[[ Data for review open ]]

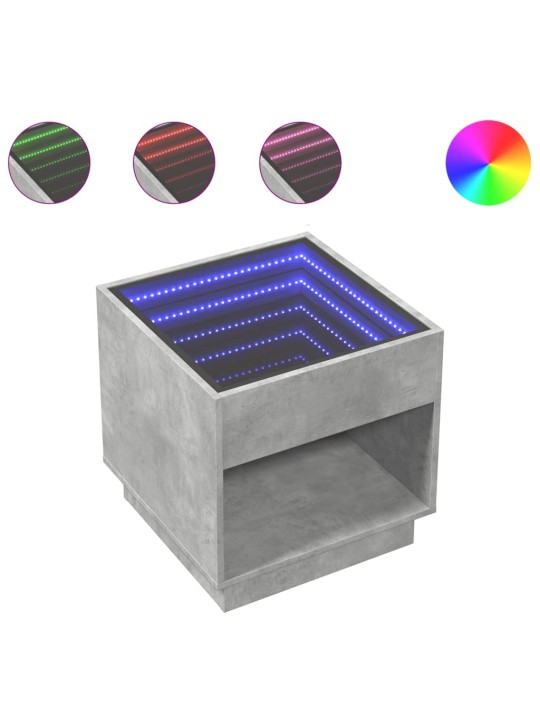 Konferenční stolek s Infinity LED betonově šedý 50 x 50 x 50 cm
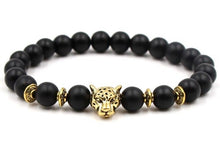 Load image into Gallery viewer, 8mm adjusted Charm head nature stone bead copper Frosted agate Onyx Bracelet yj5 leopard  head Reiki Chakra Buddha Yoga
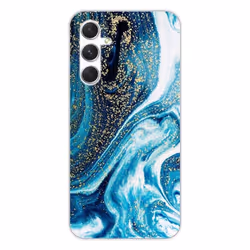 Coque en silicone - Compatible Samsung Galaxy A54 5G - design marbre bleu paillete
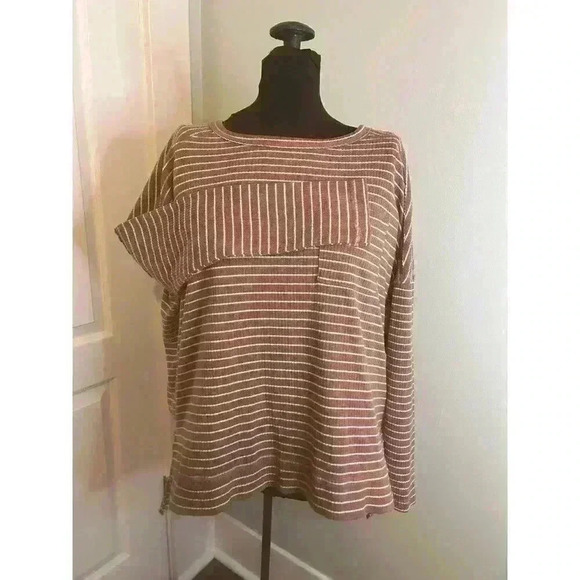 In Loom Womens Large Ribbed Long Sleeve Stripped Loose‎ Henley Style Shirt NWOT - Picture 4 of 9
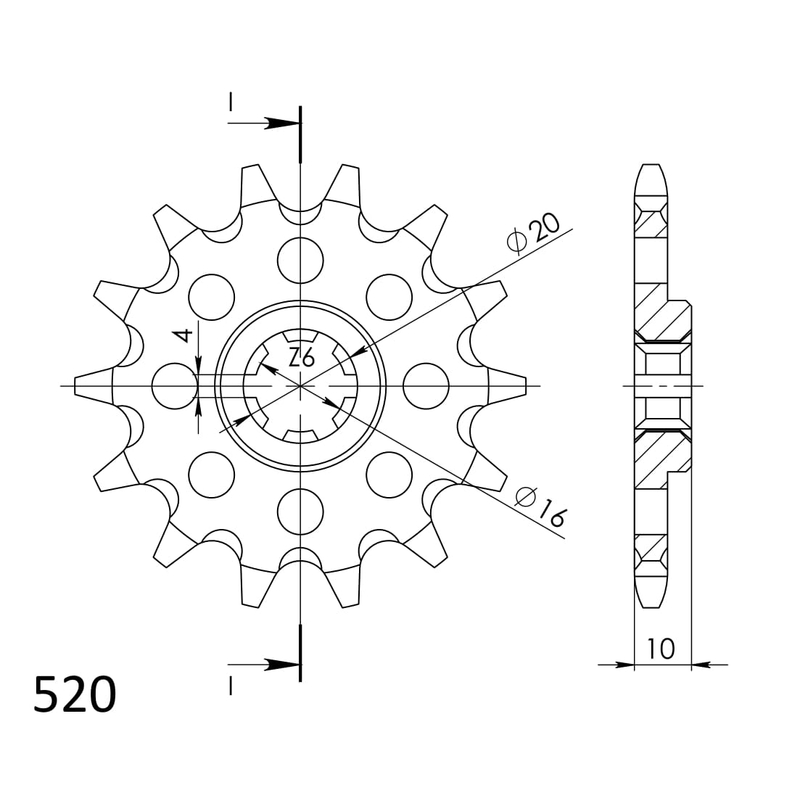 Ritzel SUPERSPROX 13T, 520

[[ Data for review closed ]]

▸ What to produce
The copy should hold exactly the lines from the line containing "Load image into" through the end of the data, both ends included, and no pictures.

▸ Answer to the exercise
 Load image into Gallery viewer, 8mm adjusted Charm head nature stone bead copper Frosted agate Onyx Bracelet yj5 leopard  head Reiki Chakra Buddha Yoga
 Coque en silicone - Compatible Samsung Galaxy A54 5G - design marbre bleu paillete
 In Loom Womens Large Ribbed Long Sleeve Stripped Loose‎ Henley Style Shirt NWOT - Picture 4 of 9
 Ritzel SUPERSPROX 13T, 520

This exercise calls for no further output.